Matthews was one of about 80 poultry lovers who attended Thursday's Backyard Chicken Workshop at Toby's Feed Barn in Point Reyes Station. The event, sponsored by the University of California Cooperative Extension in Novato, served as a primer for the growing number of families in Marin and elsewhere interested in welcoming fowl into their homes.
 
"It's been a phenomenon all the hatcheries are dealing with, in California, Oregon and New Mexico," said John Pellham of Western Farm Center in Santa Rosa. "I'll get chickens in on Fridays, 500 to 550 at a time, and they'll all be gone within five or six hours. We sold twice as many chickens this year as we did by this time last year."
 
With the exception of Tiburon, every city in Marin allows residents to raise eight or fewer chickens, provided there are no roosters. In Marin, the interest in chickens seems to tie in with the "slow food" movement's embrace of traditional methods of growing food, said Ellie Rilla, director of the extension's Marin office.
 
"I think a lot of people have become interested in local food production," Rilla said. "People like to know where their food is coming from."
 
They also like the opportunity to reconnect with the traditions of the past, said Bobby Foer. The Point Reyes Station resident began caring for chickens with the help of his grandfather while growing up in the San Geronimo Valley and now has a flock of about 90 birds.
 
"They were the only (animals) my mom allowed me to have," said Foer, one of four "chicksperts" to discuss chicken-raising techniques at Thursday's event. Foer went on to study poultry science at California Polytechnic State University, but became disillusioned when confronted with factory farming techniques.
 
"I suppose having caged birds is necessary in a way, but I wanted to do the more humane thing," said Foer, who was disturbed by the sight of chickens crammed into wire cages, with as many as eight cages stacked on top of each other. "The chickens had nails that were two inches long. I was told that was because they never got a chance to scratch."
 
Instead, Foer decided to raise his chickens the way his grandfather had, giving them space to roam around by day, a safe place to sleep at night and plenty of dark, secluded places to lay their eggs. As a result, he says, his birds are rarely sick and require little in the way of maintenance.
 
"They need warmth, dry litter, feed and space to move around," Foer said. "Once you learn how to feed them, they pretty much take care of themselves."
 
They're also productive, with each chicken generating about an egg a day. That productivity tends to depend on the breed, said Liz Cunninghame, who tends about 1,600 chickens on her 160-acre Star Route Farms in Tomales. Her chickens include Rhode Island reds and barred rocks - friendly, easy-to-care for chickens popular with many farmers - as well as leghorns, Amerucanas, which produce green eggs, and "sex links."
 
"With sex-linked chickens, you match a particular rooster with a particular hen, and you get chicks that come out a certain color," Cunninghame said.

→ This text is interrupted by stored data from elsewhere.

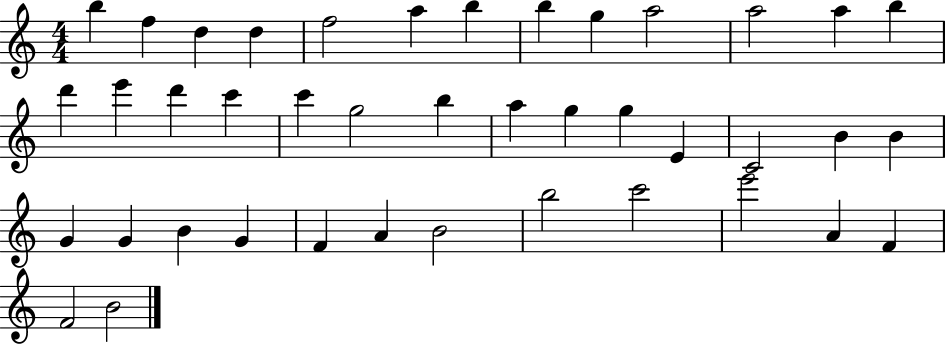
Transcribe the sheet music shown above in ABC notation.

X:1
T:Untitled
M:4/4
L:1/4
K:C
b f d d f2 a b b g a2 a2 a b d' e' d' c' c' g2 b a g g E C2 B B G G B G F A B2 b2 c'2 e'2 A F F2 B2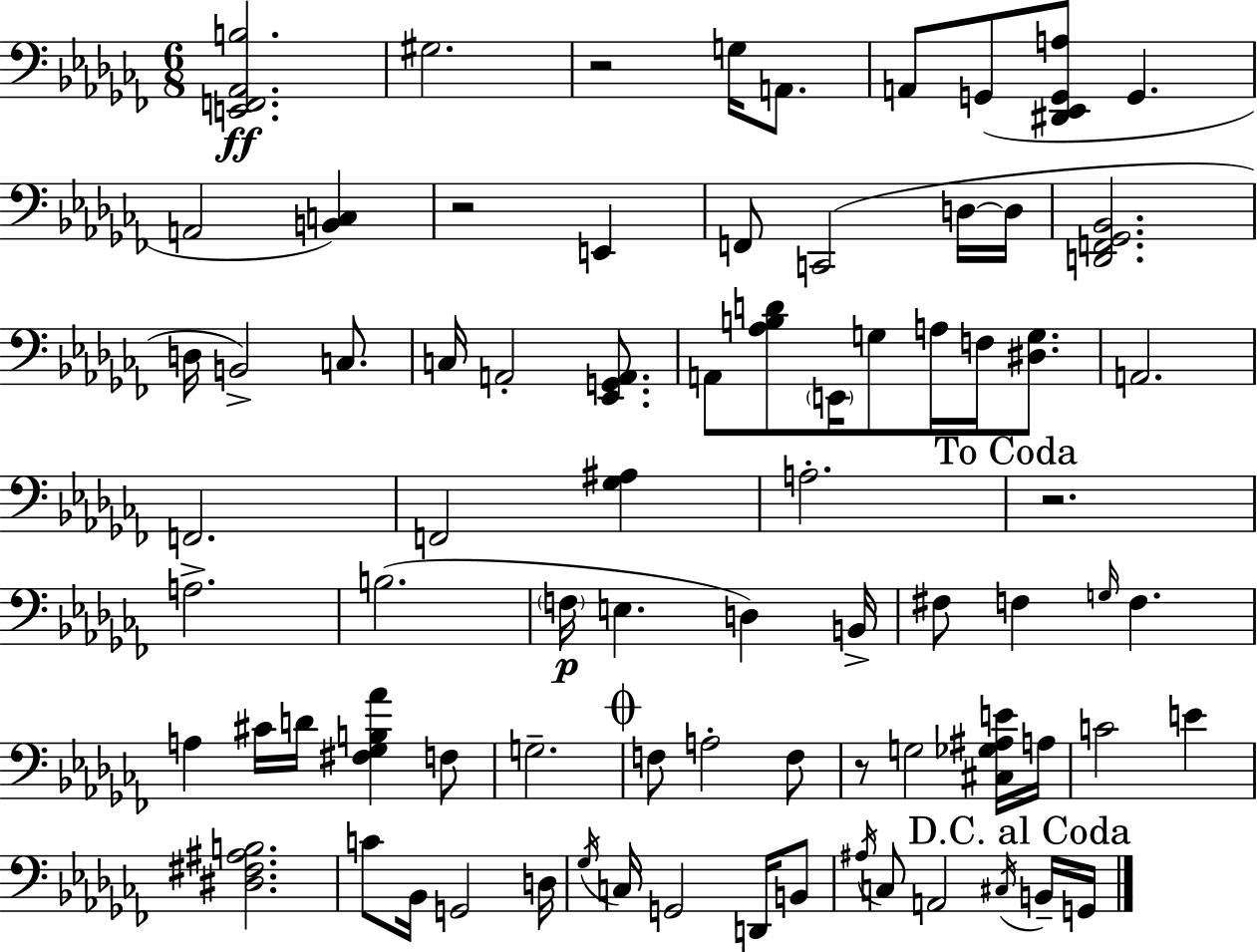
[E2,F2,Ab2,B3]/h. G#3/h. R/h G3/s A2/e. A2/e G2/e [D#2,Eb2,G2,A3]/e G2/q. A2/h [B2,C3]/q R/h E2/q F2/e C2/h D3/s D3/s [D2,F2,Gb2,Bb2]/h. D3/s B2/h C3/e. C3/s A2/h [Eb2,G2,A2]/e. A2/e [Ab3,B3,D4]/e E2/s G3/e A3/s F3/s [D#3,G3]/e. A2/h. F2/h. F2/h [Gb3,A#3]/q A3/h. R/h. A3/h. B3/h. F3/s E3/q. D3/q B2/s F#3/e F3/q G3/s F3/q. A3/q C#4/s D4/s [F#3,Gb3,B3,Ab4]/q F3/e G3/h. F3/e A3/h F3/e R/e G3/h [C#3,Gb3,A#3,E4]/s A3/s C4/h E4/q [D#3,F#3,A#3,B3]/h. C4/e Bb2/s G2/h D3/s Gb3/s C3/s G2/h D2/s B2/e A#3/s C3/e A2/h C#3/s B2/s G2/s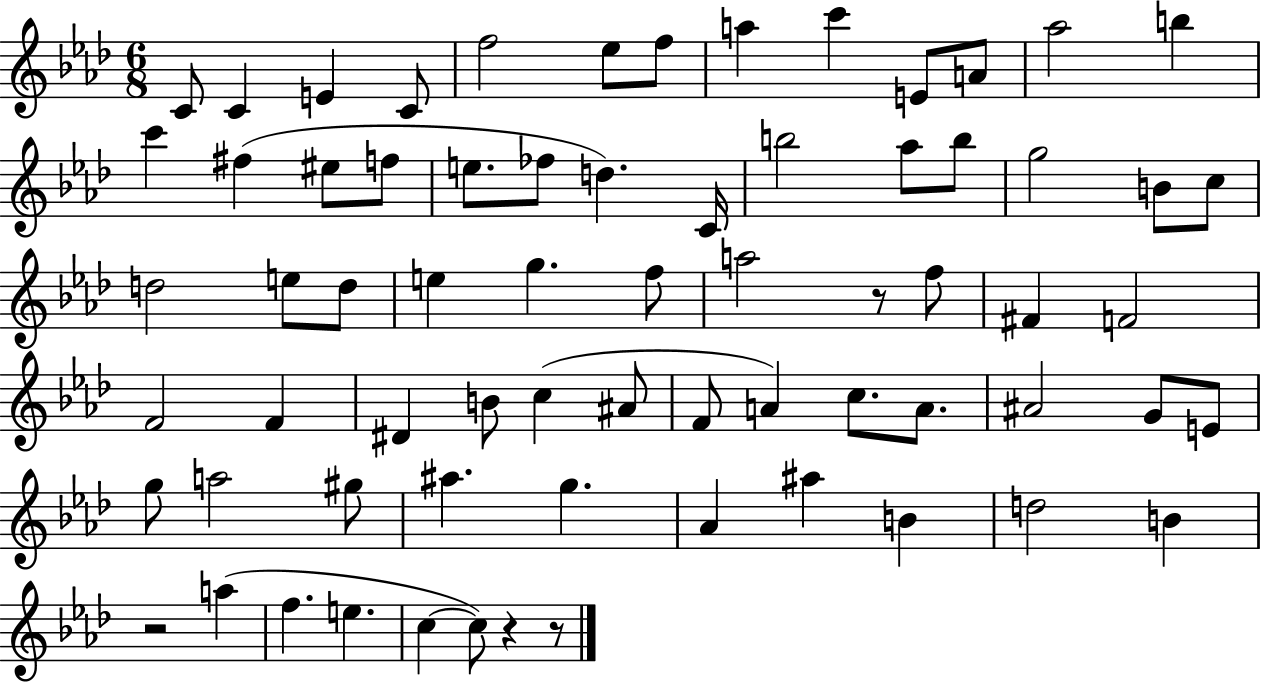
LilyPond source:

{
  \clef treble
  \numericTimeSignature
  \time 6/8
  \key aes \major
  c'8 c'4 e'4 c'8 | f''2 ees''8 f''8 | a''4 c'''4 e'8 a'8 | aes''2 b''4 | \break c'''4 fis''4( eis''8 f''8 | e''8. fes''8 d''4.) c'16 | b''2 aes''8 b''8 | g''2 b'8 c''8 | \break d''2 e''8 d''8 | e''4 g''4. f''8 | a''2 r8 f''8 | fis'4 f'2 | \break f'2 f'4 | dis'4 b'8 c''4( ais'8 | f'8 a'4) c''8. a'8. | ais'2 g'8 e'8 | \break g''8 a''2 gis''8 | ais''4. g''4. | aes'4 ais''4 b'4 | d''2 b'4 | \break r2 a''4( | f''4. e''4. | c''4~~ c''8) r4 r8 | \bar "|."
}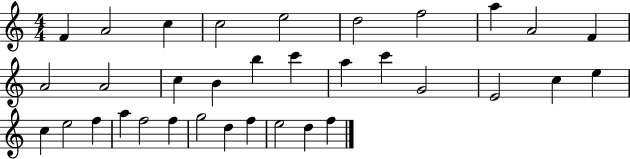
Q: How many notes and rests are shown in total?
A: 34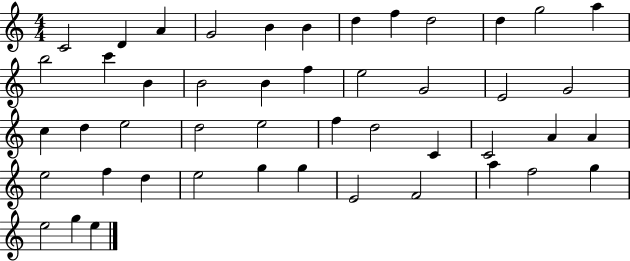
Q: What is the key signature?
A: C major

Cunninghame uses an electric fence and several guard dogs to protect her chickens from predators, including bobcats, coyotes, foxes and eagles. For most suburban chicken farmers, the danger comes from raccoons or weasels, Pellham said.
 
"Predators are my number one salesmen," Pellham joked. "The majority of my customers are people replacing their flock."
 
Most chickens would do better, Pellham said, if their owners spent just a little more time learning how to take care of them. To that end, Thursday's panel of experts handed out advice from the arcane - it's possible to tell what color a chicken's eggs will be by looking at the color of a chicken's earlobes - to the practical: feeding chickens oyster shells gives them calcium, which prevents thinness in their own eggshells.
 
Pellham, who recommends a flock of about six to nine chickens for a family of four, had another word of advice for those who would raise them.
"My advice is don't name your chickens," Pellham said. "Things happen to them. It's hard, but that's part of nature."